Двенадцатилетний Карой понял приглашение на эти особые вечера как знак того, что он теперь ровня и советчик отцу. И он принял новую ответственность всем сердцем.

— Эти люди мне не понравились, — серьезно сказал он отцу, когда они шли домой мимо бесконечных новостроек вдоль площади Деак и проспекта Андраши. — Они какие-то не такие. Тот, грязный, украл твои деньги. — Карой сердился, и не в последнюю очередь оттого, что его самого сделали сообщником в краже отцовского (а значит и его, Кароя) богатства.

Отец довольно сильно ударил его по губам.

— Он не крал, и он не грязный, — тихо сказал Имре, глядя, как мальчик подносит руку к лицу. — Он великий художник. И деньги ему нужны больше, чем мне. Что, надо было поставить его в неловкое положение, потребовать деньги обратно? Это бы тебе понравилось, маленький филистер? Надо орать, что я богатый, когда он бедный? Нет. Я оставил все как есть, чтобы оказать ему услугу. Взамен он создает прекрасные вещи, которыми я восхищаюсь… — Все оживленнее Имре еще некоторое время вещал о скромности, которая требуется покровителю искусств, о том, что эти люди из КБ превосходят его (талантом), в то же время равны ему (вкусами) и уступают ему (в благосостоянии и успехе). Но вскоре мальчик, пытаясь понять, где он был неправ в своих действиях и словах, перестал слушать, он только еще больше запутался и обозлился. В конце концов с непреклонностью своих двенадцати лет Карой установил случай нарушения объективного принципа: Эти люди — преступники. А отец — их жертва, только он этого не признает, потому что ему стыдно.
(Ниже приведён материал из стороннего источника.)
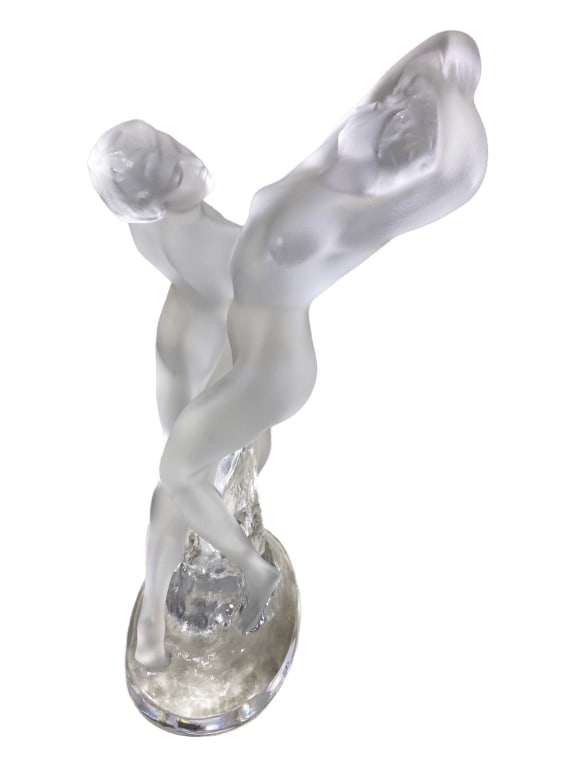 Lalique French Crystal Deux Danseusses Sculpture: Lalique frosted and clear crystal sculpture titled 'Deux Danseusses' depicting two nude modeled dancers in fluid motion. Signed 'Lalique France' in etched script to its base. Dimensions: 10 X 5.25 X 5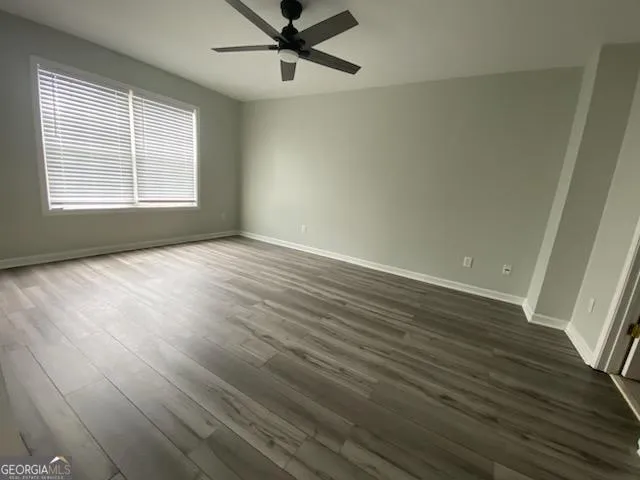 an empty room with wooden floor fan and windows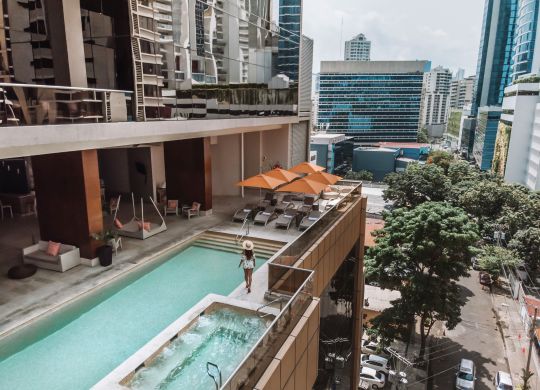 Women hanging out by the pool overlooking the city view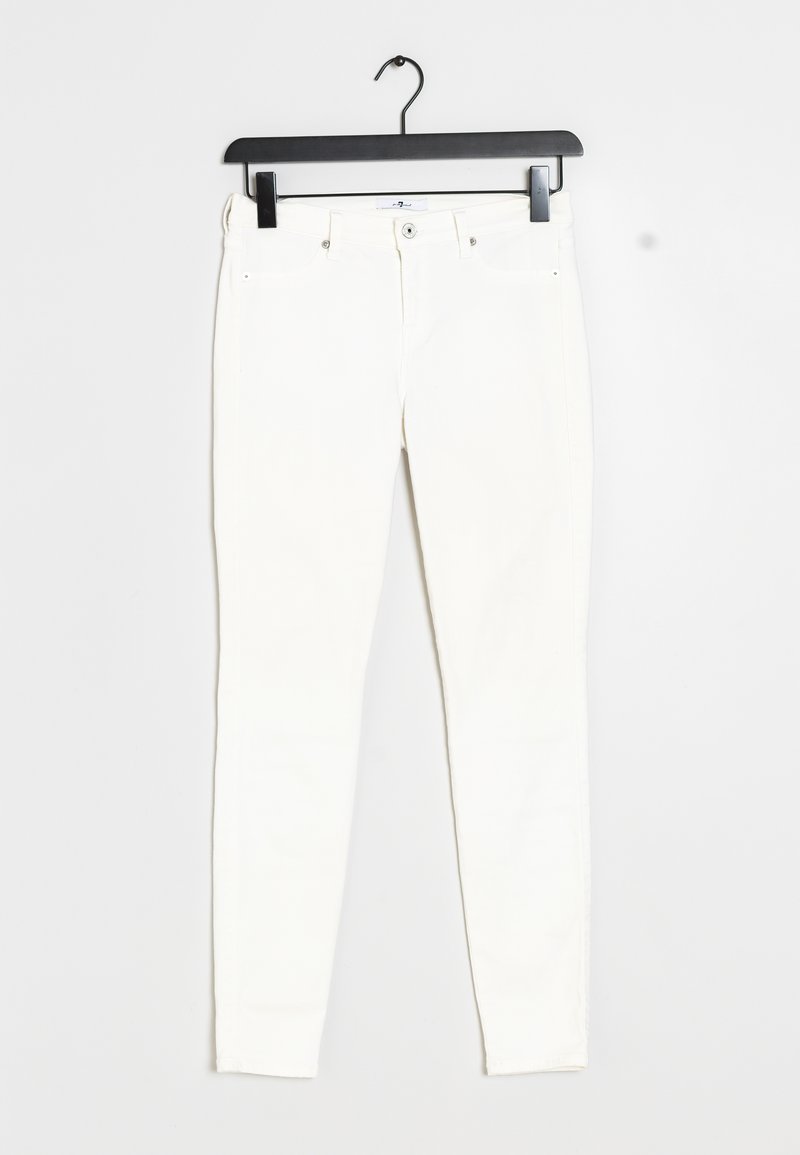 White slim-fit jeans with front button, belt loops, and five pockets hanging on a black plastic hanger against a white background.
Остаток молчаливой дороги домой Карой хотел поскорее обсудить события вечера с сестрой, которую считал умнее всех людей. Но когда они пришли домой, мать сказала, что Кларе неможется и она пораньше легла спать. Пневмония, начавшая в тот вечер свое коварное нападение, оборвала Кларину короткую жизнь довольно скоро, и до конца своих дней Карой так и не смог отделаться от терзавшего его иррационального чувства, что это КБ как-то отравил Клару, украв в тот вечер и ее, сделав Кароя сообщником и в этом злодеянии.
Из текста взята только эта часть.